- Corn showed some muscle to finish near session highs, following through from yesterday. This may in part stem from skepticism of the USDA’s latest numbers.
- The 8-14 day weather forecast may also have lent some support to futures today, with an outlook for warmer and drier conditions across much of the Midwest. With 64% of the US corn crop said to still be experiencing drought conditions, fundamental support may be building at these lower price levels.
- On a bearish note, CONAB increased their estimate of Brazilian corn production to 127.8 mmt from 125.7 mmt previously, which for now, is likely to keep pressure on the export front.
- Although the US dollar was slightly higher today, it is still well below where it was a week ago. This decline has likely taken some downward pressure off the grain markets and allowed for some breathing room.
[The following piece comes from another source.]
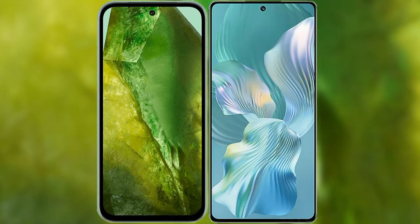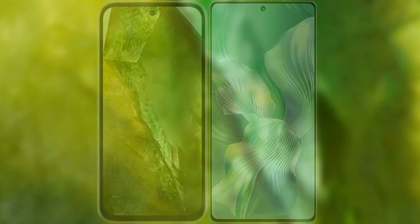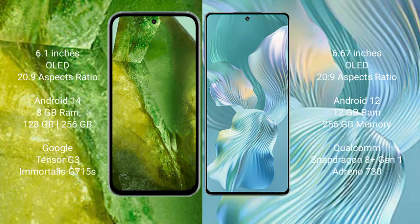I will compare the new Google Pixel 8a with the Honor 80 Pro Flat. The Google Pixel 8a comes with a 6.1-inch OLED display, and the Honor 80 Pro Flat comes with a 6.67-inch OLED display.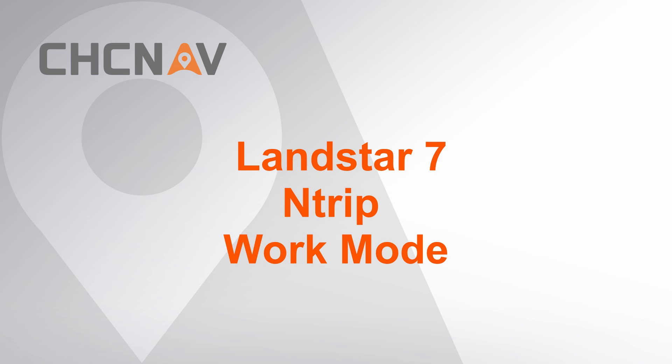Hello, this is CHC and Navy Support Team. This video is about how to set and trip work mode by PDA network. Before start, make sure the PDA has connected to Internet already.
- Led by negativity in the energy markets, weakness in soybean oil weighed on soybeans and likely led to some profit taking and choppy trade after posting a new high for the move. Both Old and New Crop contracts closed the week in relative unison, with August beans showing a 52-1/2 cent gain, while November posted a 53 cent gain, despite the USDA’s bearish report on Wednesday.
- Following Wednesday’s surprising USDA report, some are questioning the USDA’s 52 bpa yield estimate with 57% of the US soybean crop experiencing some level of drought, though this is down 3% from last week.
- China has reportedly been an active buyer of Brazilian soybeans, purchasing 20-25 cargoes for May-July 2024 delivery, in addition to US soybeans purchased off the PNW for October delivery.
- Expectations for Monday’s NOPA soybean crush report are for 170.568 mb of soybeans crushed in June, down 4.1% from May, but expected due to seasonal downtime for maintenance and repairs, and if realized, it would be a record for the month.
- Updated Consumer Price Index (CPI) and Producer Price Index (PPI) information released this week showed inflation levels are slowing, reducing the possibility of further rate hikes by the Fed, and likely adding early support to prices.
- News reports that India will ban rice exports may have contributed to the strong close in the wheat market. India generally exports a large percentage of the world’s rice, so if they are short on supply, they may turn to wheat as another food staple. Some believe this could mean they will need to import wheat down the road, offering support.
- Early next week, the Black Sea export corridor deal will expire. As of this writing, no agreement on an extension has been reached. Russia has allegedly stated that they will offer an extension, but only in exchange for reduced sanctions on their banking system (namely, being let back into the SWIFT program). Either way, this could mean more volatility for wheat next week.
- According to the Buenos Aires Grain Exchange, their 23/24 wheat planting estimate for Argentina is unchanged from their last projection at 6.0 mmt.
- Canada is still too dry, and it is impacting their spring wheat crop. Much like areas of the northern US Plains that are experiencing the same problem.
- Spot products continue to find eager buyers, butter and cheese prices finished the week higher while powder and whey were both lower.
- Milk futures in Q3 and Q4 for both Class III and IV found gains on the week, breaking multi-week trends lower.
- Dairy cow culling rates have continued to be well above last year’s totals. For the week ending 7/1, rates were 14.5% higher YoY, the highest total for this week in 10 years.